A Place in Stories
I was recently talking with someone, and they asked me, “If you could go anywhere in the world, where would you go?”
I thought about all the “normal” answers that people say. Names of large cities and famous monuments passed through my mind. They all seemed interesting, but none any more than another. I was stuck.
As a person who never traveled much, this question is not one I often ponder. I sifted through stories of places people had visited or lived. And then I remembered it. The place where in my head all stories come from. In my childhood, the place where everything was traced back to. The place I always dreamed I could go and was always told I could not. Pyongyang.

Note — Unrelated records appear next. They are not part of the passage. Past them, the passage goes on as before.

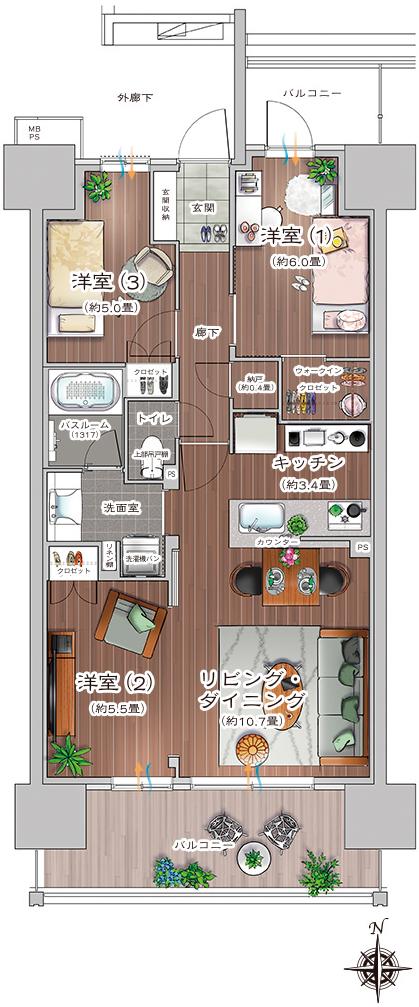 ライオンズ一宮グランフォートの間取り図　C：3LDK+WIC+N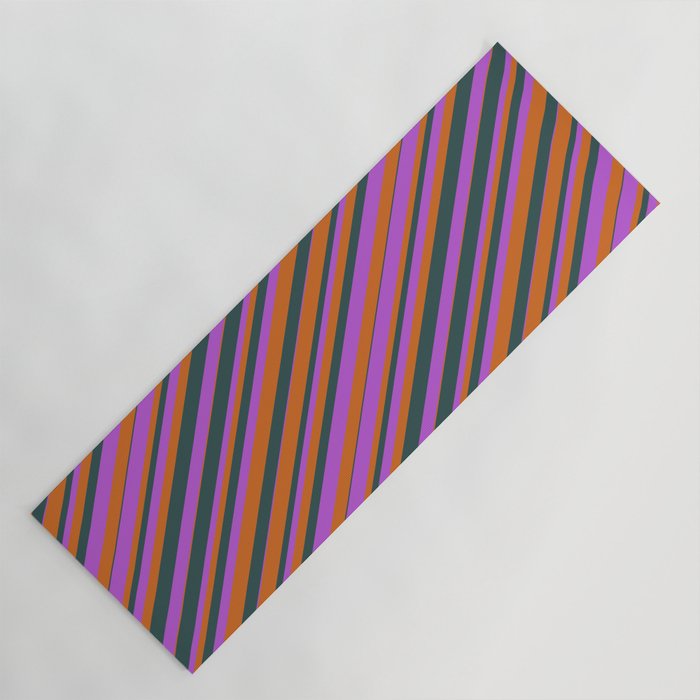 Chocolate, Dark Slate Gray, and Orchid Colored Striped Pattern Yoga Mat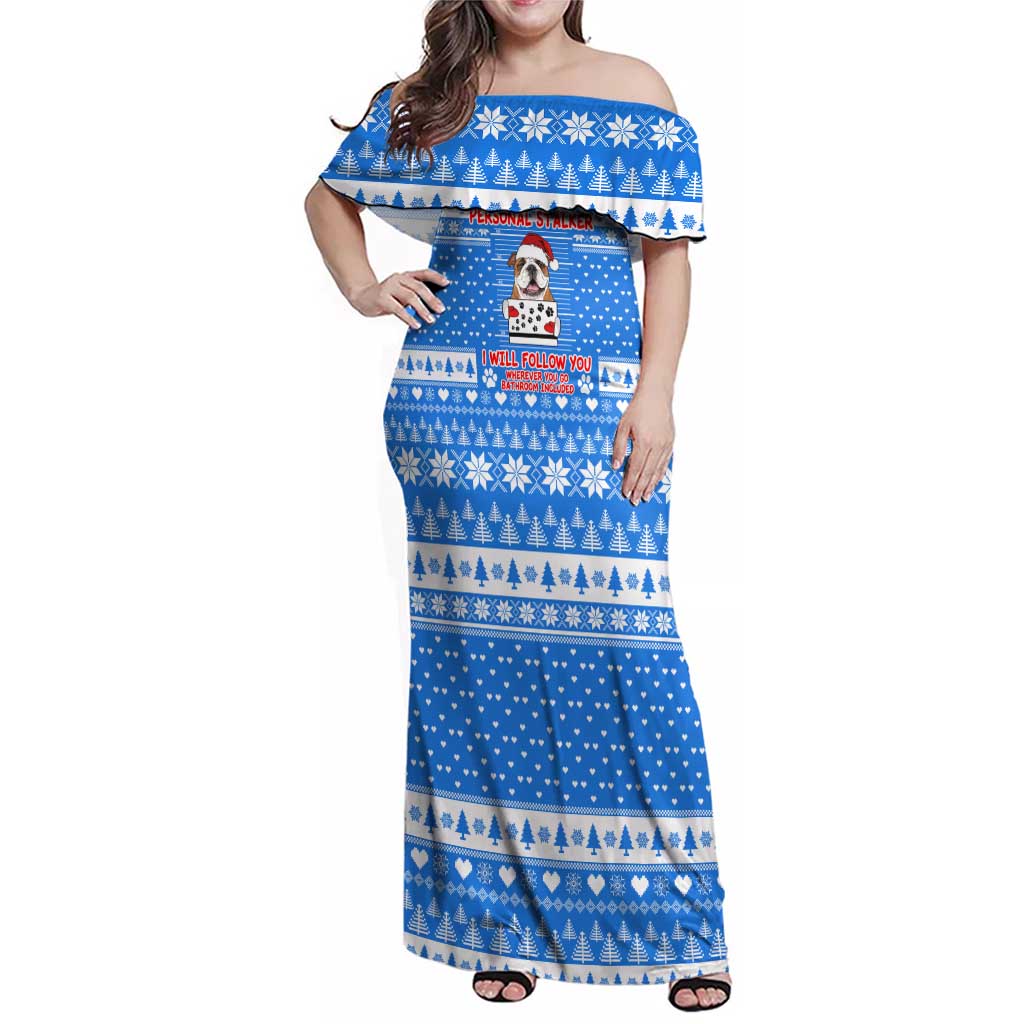 Christmas Stalker Bulldog Family Matching Off Shoulder Maxi Dress and Hawaiian Shirt Xmas Holiday Patterns - Wonder Print Shop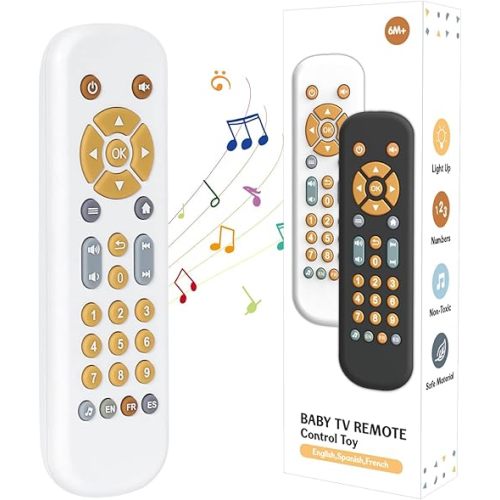 Orzbow Baby Remote Control Toy for 6 Months+ with Music, TV Remote Toy with Realistic Light and Sound - English, French and Spanish for Infant Play - BPA Free, White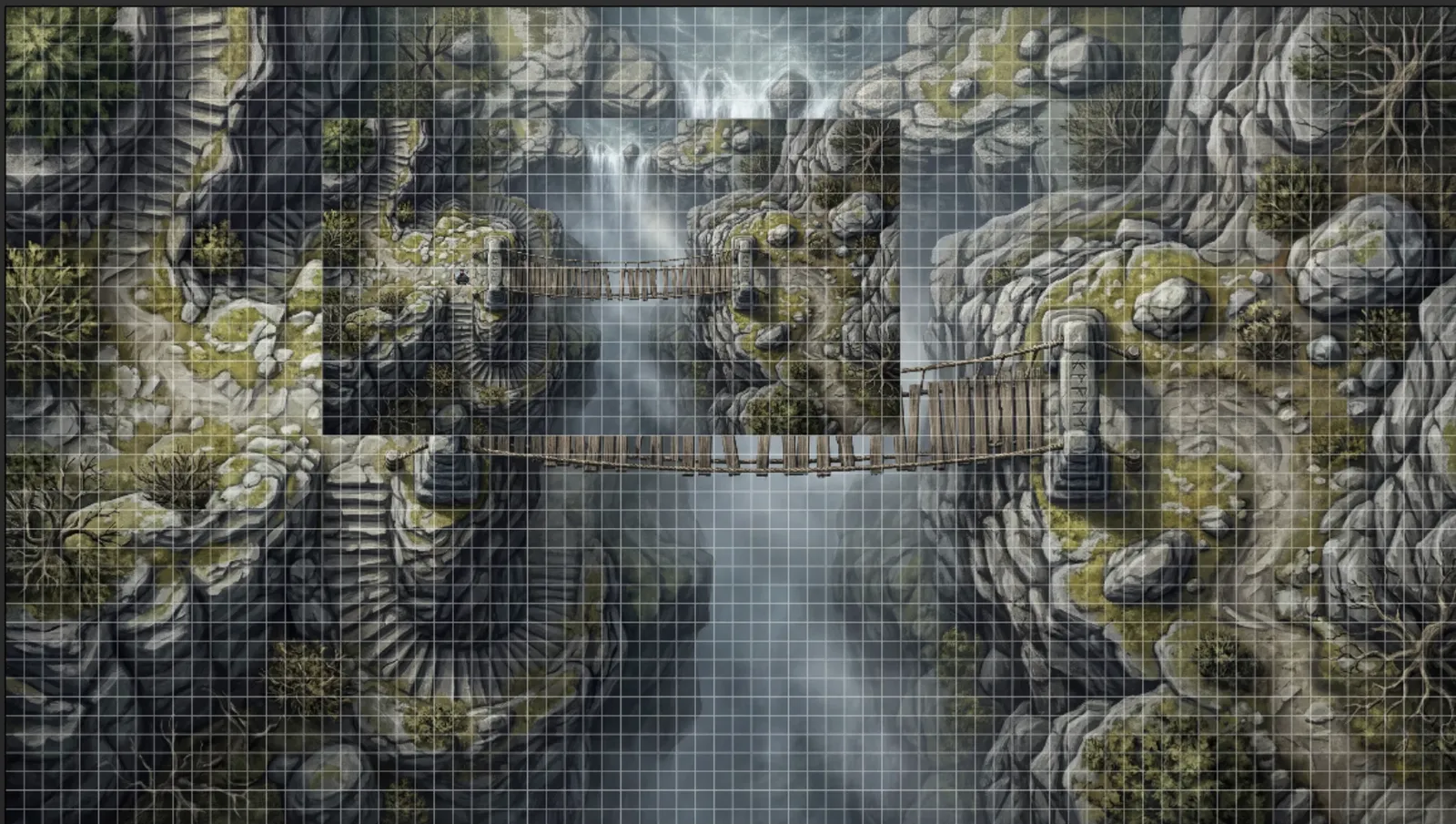 The same map twice on a Roll20 page: dropped at native pixel size behind and stretched to a 14-square page in front
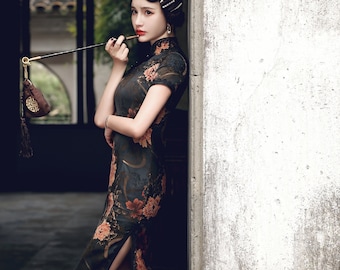 Vintage China Cheongsam, Classic Big Flower Qipao,Tea Ceremony, Prom dress, Girls Empire,Royal Chinoise,Shabby Sexy1980s Summer Halter Dress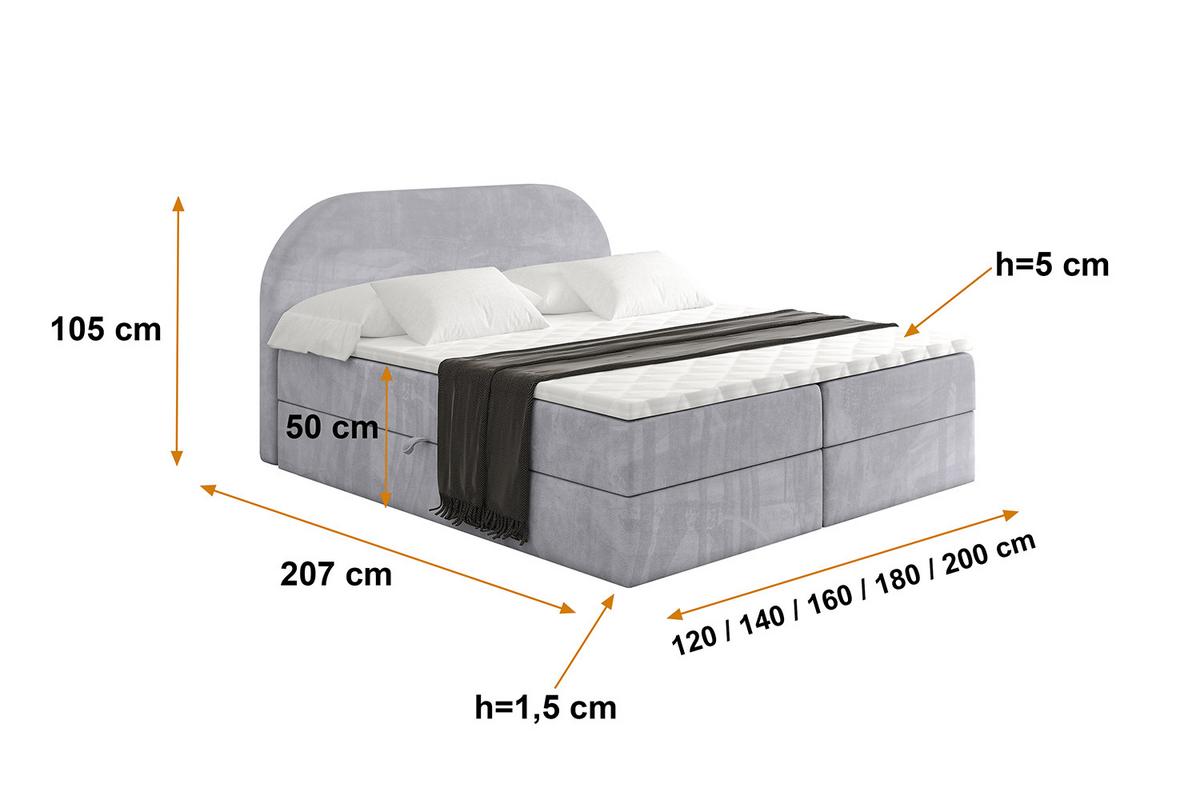 BOXBETT mit Matratze H3 und Lattenrost - NOX - 120x200 - Grau Monolith - Grau, Holzwerkstoff/Kunststoff (120/200cm) - ALTDECOR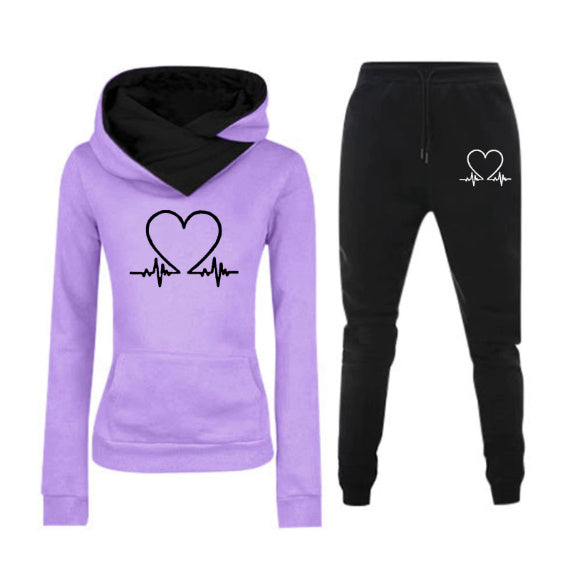 Love Heart Printed Sports Suit Hooded Sweatshirt Top And Drawstring Pants Fashion Casual Clothing For Women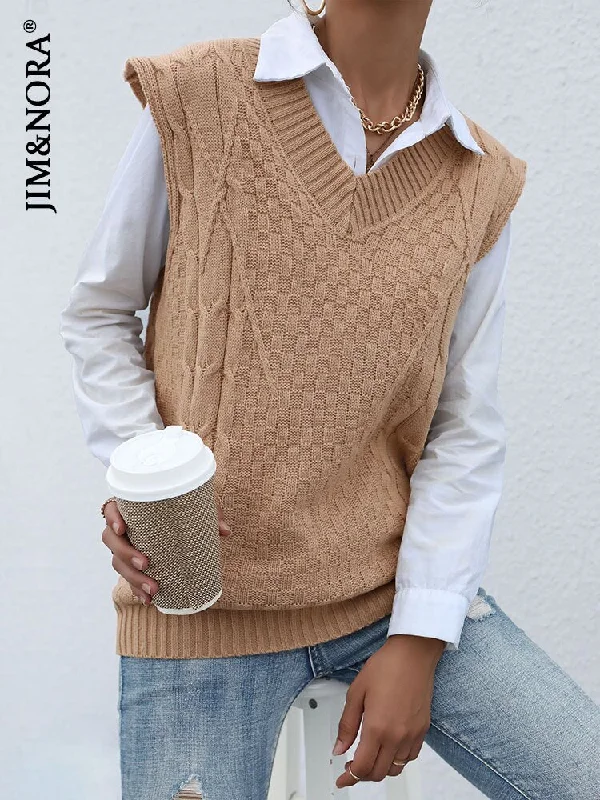 JIM & NORA Women Autumn Knit Sweater Vest Loose Sleeveless Soild Colour V Neck Pullover Tops Casual Oversize Office Wear Fashion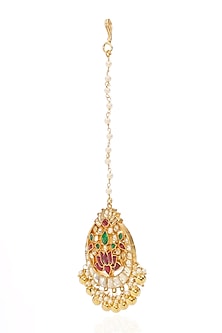 Gold Finish Kundan Polki & Green Onyx Maangtikka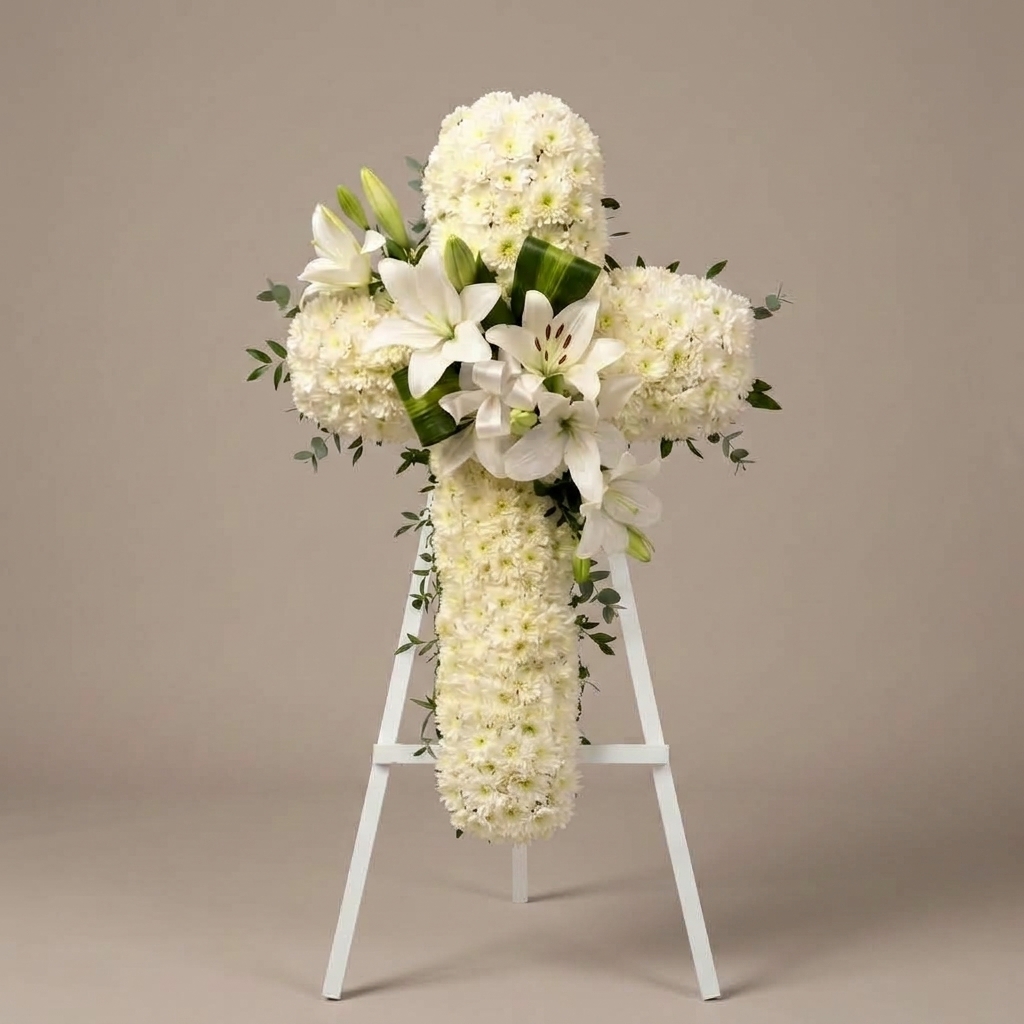 Arreglo fúnebre - Eternal Serenity Floral Cross — Condolences — Amore Mio Flower Shop — delivery Portoviejo and Manta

As a storyteller, I have always taken inspiration from the family oral story tradition. In my childhood, that meant baby hanbok, making sausage by hand, hwatu cards, and measuring the time until sunset with your thumb. Whenever I was told stories of my mother’s family, I could invision where it happened. I may have never been to that specific property, but I had seen the Dakotas. I had been to her childhood town. There was a reference. But when my father told me stories, it was magical. Pyongya and Seoul were far away places to me, not tangible. It was exciting to hear about, what felt like, mythic lands. As someone who has the privilege of knowing my family heritage and history, it has always been a dream of mine to see it, to have that visual reference when hearing and telling stories. But I know that the place I have heard about in stories does not exist anymore. Time has continued, technology has evolved, and communities have changed. And I desire to see what this magical land of stories has grown into over the decades. Maybe I would find shadows of tales, but I come from a “never let the truth get in the way of a good story” family, so you never know.